O pesquisador diz ainda que, com a ocupação do morro pelas forças de segurança, muitos moradores acharam que suas vidas melhorariam em pouco tempo. A frustração dessas expectativas, segundo ele, também pode ter provocado uma hostilidade maior em relação às forças.
No entanto, Soares diz que os conflitos não reduzem o sucesso da ocupação dos morros, que deve ser encarada como parte de um processo que não colocará fim à violência de imediato.
Segundo ele, as taxas de homicídio nas áreas ocupadas baixaram drasticamente, e o crescimento das ligações ao disque denúncia da polícia fluminense indica que a confiança entre as forças de segurança e moradores tem aumentado.
“Pense em como seria caso esses confrontos tivessem ocorrido há cinco anos – quantos mortos estaríamos contando agora?”
Vazio institucional
Para o sociólogo José Augusto Rodrigues, professor do Departamento de Ciências Sociais da Universidade do Estado do Rio de Janeiro (Uerj), os desentendimentos entre moradores e soldados são normais.
“As pessoas que vivem nas comunidades passaram um longo período num vazio institucional de lei e ordem e, assim como não tinham todos os direitos, também não se habituaram a certas obrigações inerentes à cidadania, particularmente em relação a posturas adequadas de convivência.”

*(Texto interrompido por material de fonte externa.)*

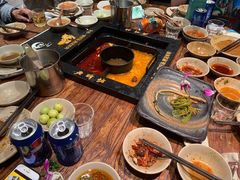 -老牌坊云南鱼豆花火锅(爱建店)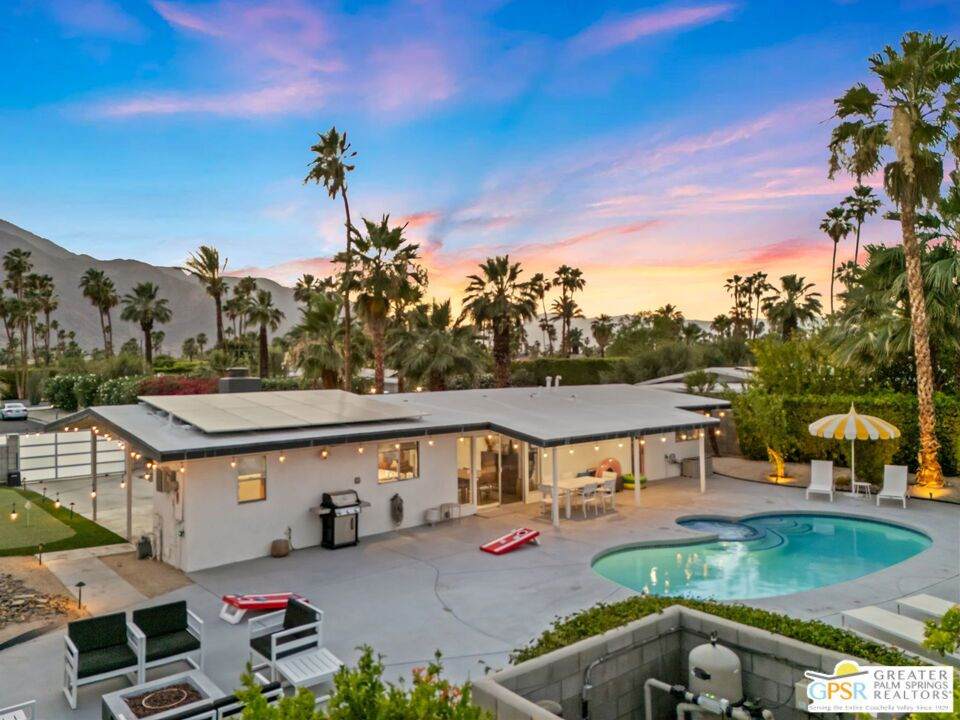https://bt-photos.global.ssl.fastly.net/socal/orig_boomver_2_435519355-2.jpg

Além disso, Rodrigues diz que as forças de segurança ainda não encontraram a melhor forma de se relacionar com a população, embora o Exército brasileiro tenha tido sucesso em restabelecer a ordem em áreas conflagradas no Haiti, onde o Brasil chefia uma missão da ONU para a estabilização do país.
Segundo ele, os desentendimentos mostram que a relação entre forças de segurança e moradores deve ser mediada por civis, prática que já vem sendo adotada aos poucos em algumas comunidades com Unidades de Polícia Pacificadoras (UPP).

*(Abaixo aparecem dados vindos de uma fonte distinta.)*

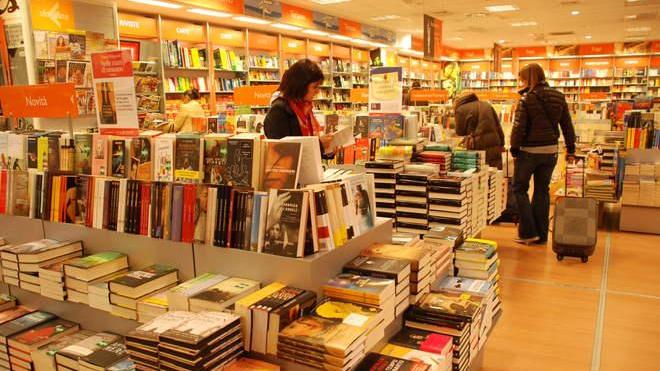 Salone del libro, l'Aes supera le polemiche e rilancia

Paralelamente, diz o professor, o acesso desses moradores a políticas públicas – possibilitado pelo fim do domínio dos traficantes – tende a tornar a relação com os policiais mais harmoniosa a longo prazo.
Pânico
Quanto à tentativa de invasão do Complexo por traficantes, ele diz crer que o grupo busca gerar instabilidade e pânico para poder negociar com o Estado uma repressão menor em outras áreas.
Para Rodrigues, no entanto, “o cálculo é equivocado, já que o mesmo comportamento levou à invasão do Alemão pelas forças policiais – que não foi planejada, mas sim uma resposta a uma série de ameaças, ataques e arrastões”.
Embora elogiem os resultados da ocupação, tanto Rodrigues quanto Soares afirmam ser desejável que os soldados do Exército sejam substituídos o quanto antes por policiais militares de UPPs, treinados especialmente para atuar nas comunidades.
“Havendo contingente de PMs treinados para essas operações, é preferível que o processo de pacificação seja passado para as mãos desse novo contingente”, diz Rodrigues.